Against the Universal Basic Income — a short article that points out the flaws of an idea that is gaining ground with many of our social engineers. Mainly, I think it’s a mistake ever to cheerfully assume that human nature is not going to continue to be what it has been! “Despite its rising profile among many sharp thinkers, however, this particular approach to welfare reform would create many more problems than it would solve.”
I’m sharing this exasperating article from the Wall Street Journal about giving a smart phone to kids (I think you will be able to read it the first time you open it, and then it’s behind the paywall) so that you are equipped to talk about it with your friends. By the time you get to the end of it, how refreshing is Felice Ahn, with her simple “we’re happy to be different”?
We think of Handel’s Messiah as Christmas music, I guess, but it’s really a musical recapitulation of Salvation History. Here’s a fun article with some things you might not know about it.
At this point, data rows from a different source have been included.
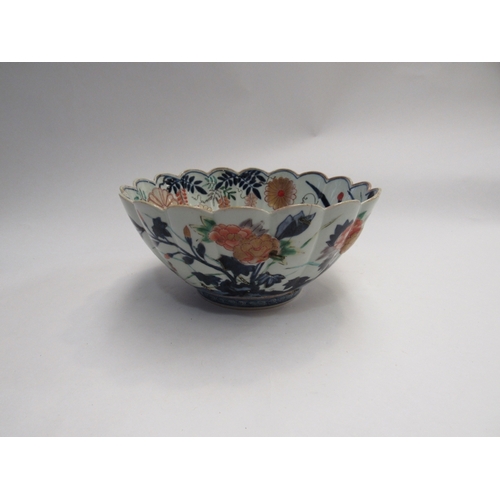 426 - A Japanese fluted bowl decorated with marigolds inside and out. 24cm diameter. A/f, stapled repairs ... 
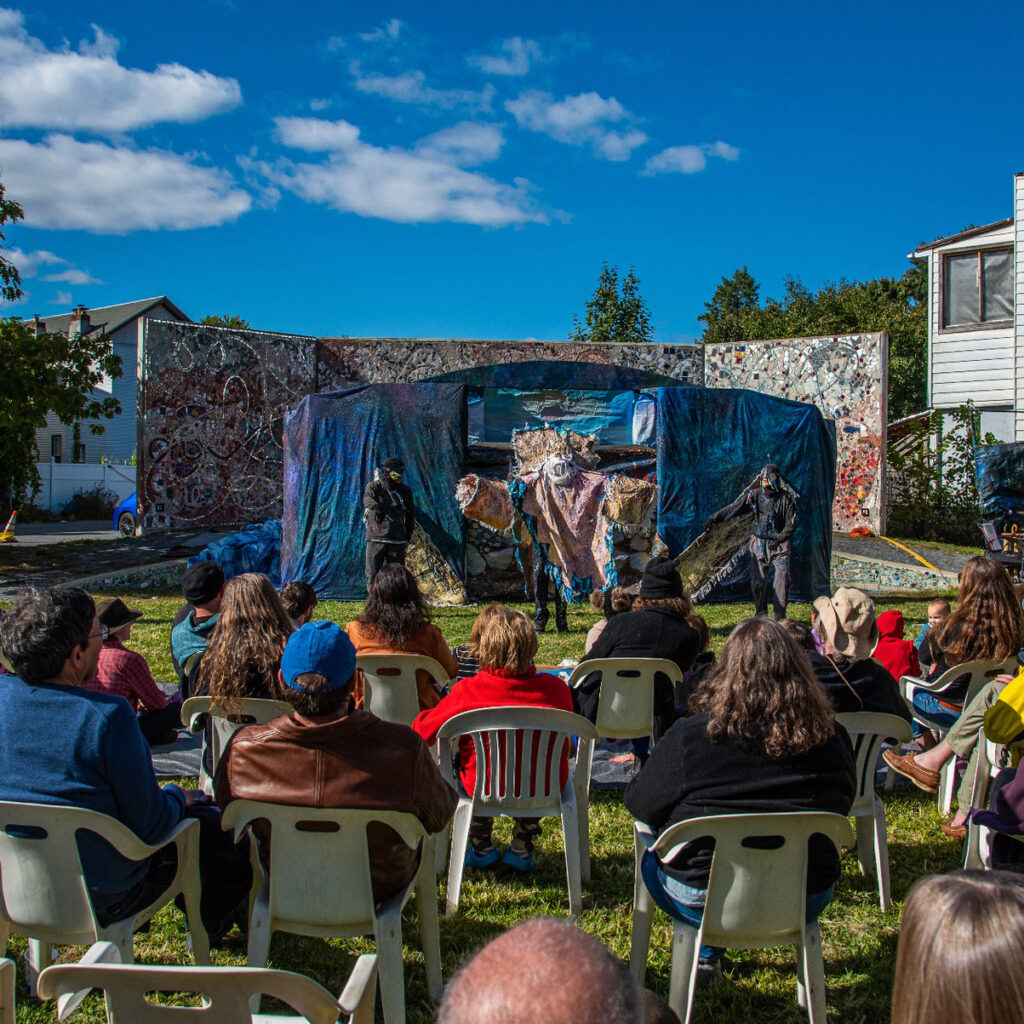 Blue skies over a the outdoor stage at Feedom Square, with a large puppet-based performance and a crowd watching from lawn chairs.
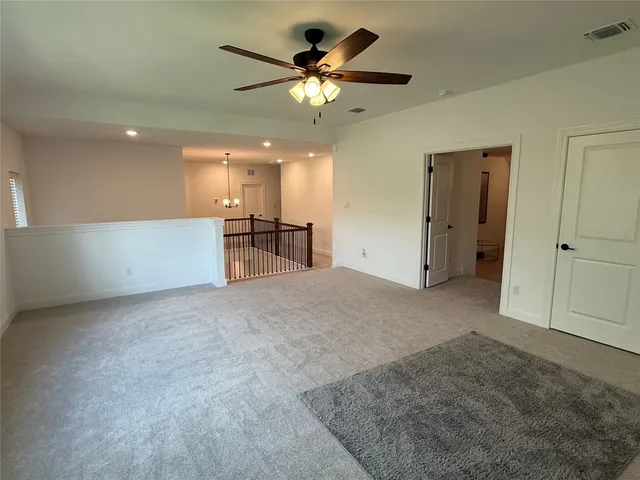 a view of staircase with lots of frames on wall and windows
An interesting article questioning the underlying assumptions about how we treat depression as a chemical imbalance to be treated with drugs. The author says:
“If you are depressed and anxious, you are not a machine with malfunctioning parts. You are a human being with unmet needs. The only real way out of our epidemic of despair is for all of us, together, to begin to meet those human needs – for deep connection, to the things that really matter in life.”
I would add to this to take it further: Man is a moral creature. Sometimes our needs are moral! We can be depressed because we need repentance and reconnection with grace. Sometimes the needs are emotional; often they are moral and spiritual.
In the “spiritual musings” category:
I don’t know why the fighting side of Our Lady has been on my mind — perhaps it’s the borderline headache-inducing saccharine prose I sometimes come across as relates to Mary, the Mother of God. This post, though not liturgically timely, gave me the bracing tonic I needed: “Mighty Conquering Warrior”: The Queenship of Mary.
“The fact that Our Lady stood under the cross when nearly everyone else fled, and in the darkness of faith offered up her most precious treasure, her own flesh and blood, to the heavenly Father, means that she must have had the strongest human heart in the history of the world, with the greatest supernatural heroism.”
If you read my “readings” on the two “Spirit of the Liturgy” books, you will know why I loved this short article by Taylor Marshall on St. Athanasius on the Word: The Son of God pervades the Whole of Reality. A beautiful meditation on transcendent reality.
In the “still thinking about Epiphany” category:
Our favorite medievalist’s inquiry into the custom of chalking one’s door on the Epiphany: Chalk on the Door.
Some art notes on the Wise Men.
The Epiphany scene from the incredible “Great Hours of Anne of Brittany.”
From the archives:
Standards and Solidarity — make friends now with people in real life, in your community. Talk to them about your hopes and dreams for the future. Share articles and posts (like this one) and encourage each other. In a few years, you will be glad to have a group of parents who kind of hold each other up — and believe me, when the coach says “your kid has to have a phone because I need to text him” you will be happy that your friends are going to agree with you that such an idea is nonsense.
How to go about making friends? Try a St. Gregory Pocket. There might be one near you!
Today is the feast of St. Hilary of Poitiers! “He could not tolerate that the specious plea of safeguarding peace and unity should be allowed to dim the light of Gospel teaching.”